> ASSIGNMENT:
Word for word, copy the lines beginning at the one with "Air Jordan 14" and ending at the last line below; pictures stay out.

(Scraped caption text data)

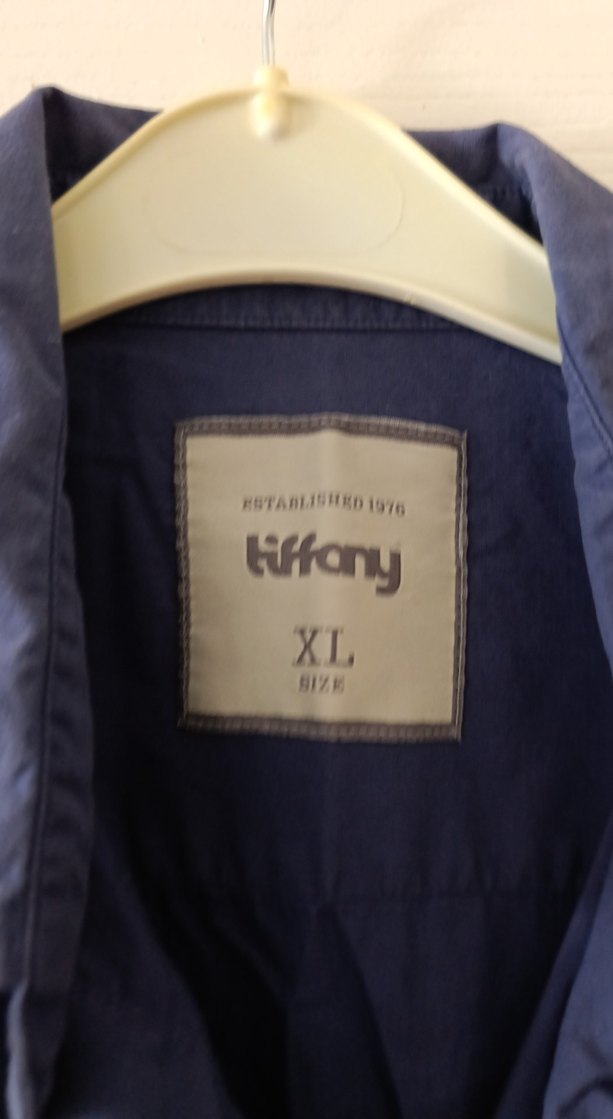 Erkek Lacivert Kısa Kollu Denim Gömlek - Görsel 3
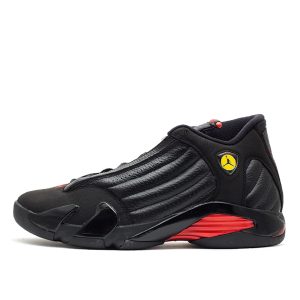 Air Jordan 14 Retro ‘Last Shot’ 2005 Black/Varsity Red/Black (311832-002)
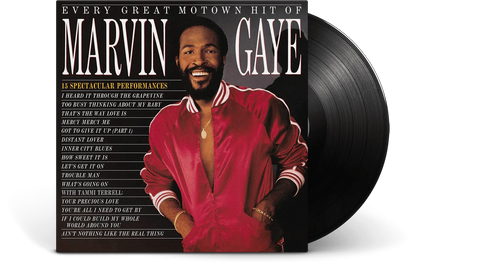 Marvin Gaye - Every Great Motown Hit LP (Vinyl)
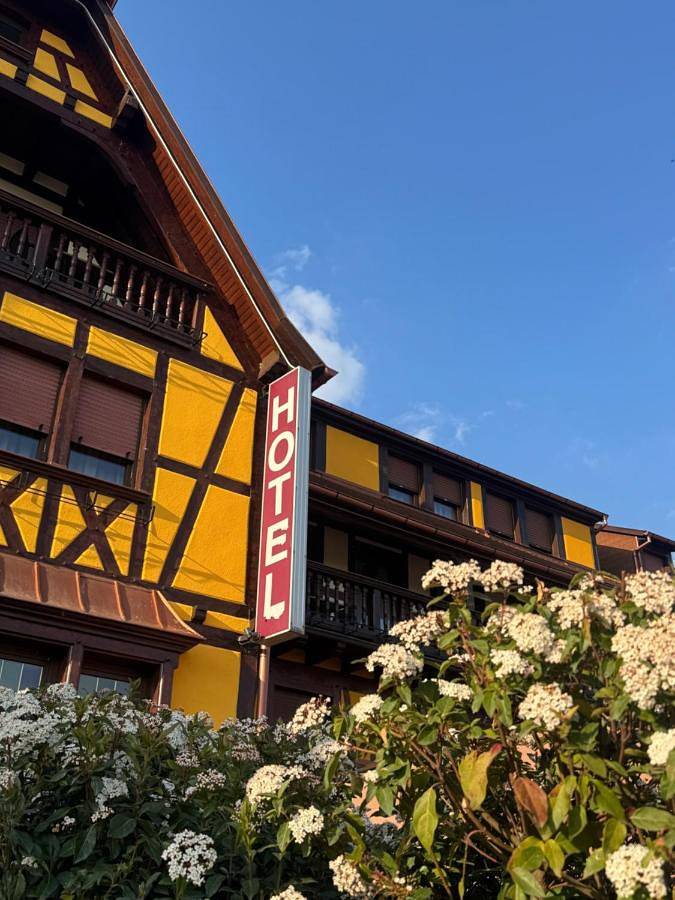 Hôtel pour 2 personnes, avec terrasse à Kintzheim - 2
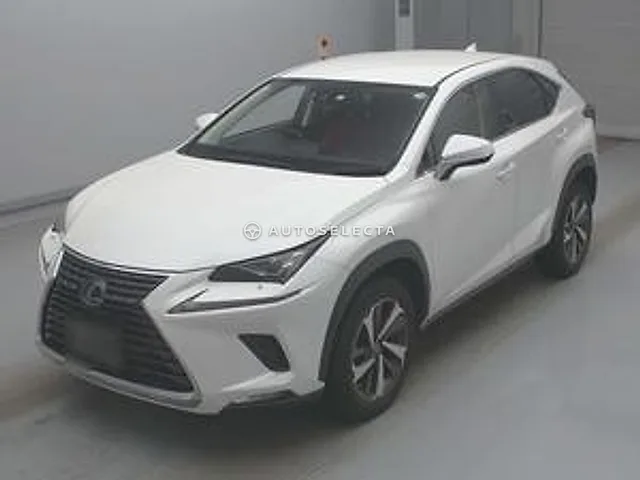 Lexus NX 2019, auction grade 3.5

> ANSWER TO THIS PROBLEM:
 Air Jordan 14 Retro ‘Last Shot’ 2005 Black/Varsity Red/Black (311832-002)
 Marvin Gaye - Every Great Motown Hit LP (Vinyl)
 Hôtel pour 2 personnes, avec terrasse à Kintzheim - 2
 Lexus NX 2019, auction grade 3.5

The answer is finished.